# Predictive Information Playground

This notebook explores predictive information (excess entropy) calculations for PFSAs.

Predictive information E = I[X<t : X≥t] measures the mutual information between the past and future of a stochastic process.


In [1]:
from itertools import product
import random
import json
from math import ceil

import numpy as np
from tqdm import trange
import seaborn as sns
import matplotlib.pyplot as plt

np.printoptions(precision=3)

from src.pfsa.fsa_generator import random_dpfsa, random_pfsa, geometric_sum_pfsa, random_ngram
from src.pfsa.fsa import PFSA

In [2]:
# Import the predictive information module
from src.pfsa.predictive_information import (
    calculate_predictive_information,
    calculate_predictive_information_with_convergence,
    plot_entropy_convergence,
    plot_entropy_rate_comparison,
    analyze_predictive_information_across_parameters
)

## Generate a Sample PFSA


In [None]:
# Generate a sample PFSA
A = random_dpfsa(
    4,
    4,
    conditions=[lambda A: 10 < A.mean_length < 80],
    mean_length=20,
    topology_seed=2,
    weight_seed=2,
)

print(f"Generated PFSA with {A.n_states} states and {A.n_symbols} symbols")
print(f"Mean length: {A.mean_length:.2f}")
print(f"Next symbol entropy: {A.next_symbol_entropy:.4f}")

## Calculate Predictive Information


In [None]:
# Calculate predictive information with detailed convergence analysis
E, h_values, h_asymptotic, converged_at = calculate_predictive_information_with_convergence(
    A, max_n=8, tol=1e-5, window=3
)

print(f"Predictive Information E = {E:.4f}")
print(f"Asymptotic entropy rate h = {h_asymptotic:.4f}")
print(f"next_symbol_entropy = {A.next_symbol_entropy:.4f}")
print(f"Are they equal? {np.isclose(h_asymptotic, A.next_symbol_entropy)}")

if converged_at:
    print(f"\nConverged at n = {converged_at}")
else:
    print("\nDid not converge within max_n iterations")

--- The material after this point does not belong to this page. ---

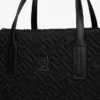 Bolso mini tote de nailon con monograma y pespuntes Bolso mini tote de nailon con monograma y pespuntes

print(f"\nEntropy values (starting from h_2):")
for i, h_n in enumerate(h_values[:10], 2):
    print(f"h_{i} = {h_n:.4f}")

In [None]:
# Let's see how the entropy rates converge to next_symbol_entropy
print("Convergence analysis:")
print(f"True asymptotic rate (next_symbol_entropy): {A.next_symbol_entropy:.6f}")
print("\nn  | h_n       | h_n - h_asymptotic")
print("-" * 35)

for i, h_n in enumerate(h_values[:15], 2):
    diff = h_n - A.next_symbol_entropy
    print(f"{i:2} | {h_n:.6f} | {diff:+.6f}")

In [None]:
# Visualize the convergence (note: x-axis now starts from n=2)
plot_entropy_convergence(h_values, h_asymptotic, E, converged_at,
                        title="Convergence of n-gram Entropy Rates to Stationary Entropy")

## Compare Multiple PFSAs


In [None]:
# Let's generate multiple PFSAs and compare their convergence behavior
pfsa_configs = [
    (3, 3, "3 states, 3 symbols"),
    (4, 4, "4 states, 4 symbols"),
    (5, 5, "5 states, 5 symbols"),
    (6, 4, "6 states, 4 symbols"),
]

pfsa_list = []
labels = []

for n_states, n_symbols, label in pfsa_configs:
    pfsa = random_dpfsa(
        n_states,
        n_symbols,
        conditions=[lambda A: 10 < A.mean_length < 30],
        mean_length=20,
        topology_seed=2,
        weight_seed=np.random.randint(0, 10000),
    )
    pfsa_list.append(pfsa)
    labels.append(label)

# Compare their entropy rate convergence
plot_entropy_rate_comparison(pfsa_list, labels, max_n=8)

In [None]:
# Analyze predictive information across different parameter settings
n_states_list = [3, 4, 5, 6]
n_symbols_list = [3, 4, 5, 6]

results = analyze_predictive_information_across_parameters(
    n_states_list,
    n_symbols_list,
    n_samples=5,  # 5 samples per configuration
    max_n=8,
    plot_heatmap=True
)

# Display results table
print("\nPredictive Information Summary:")
print("States | Symbols | E (mean ± std) | h (mean ± std)")
print("-" * 60)
for r in results:
    print(f"{r['n_states']:6} | {r['n_symbols']:7} | "
          f"{r['predictive_info_mean']:5.3f} ± {r['predictive_info_std']:5.3f} | "
          f"{r['entropy_rate_mean']:5.3f} ± {r['entropy_rate_std']:5.3f}")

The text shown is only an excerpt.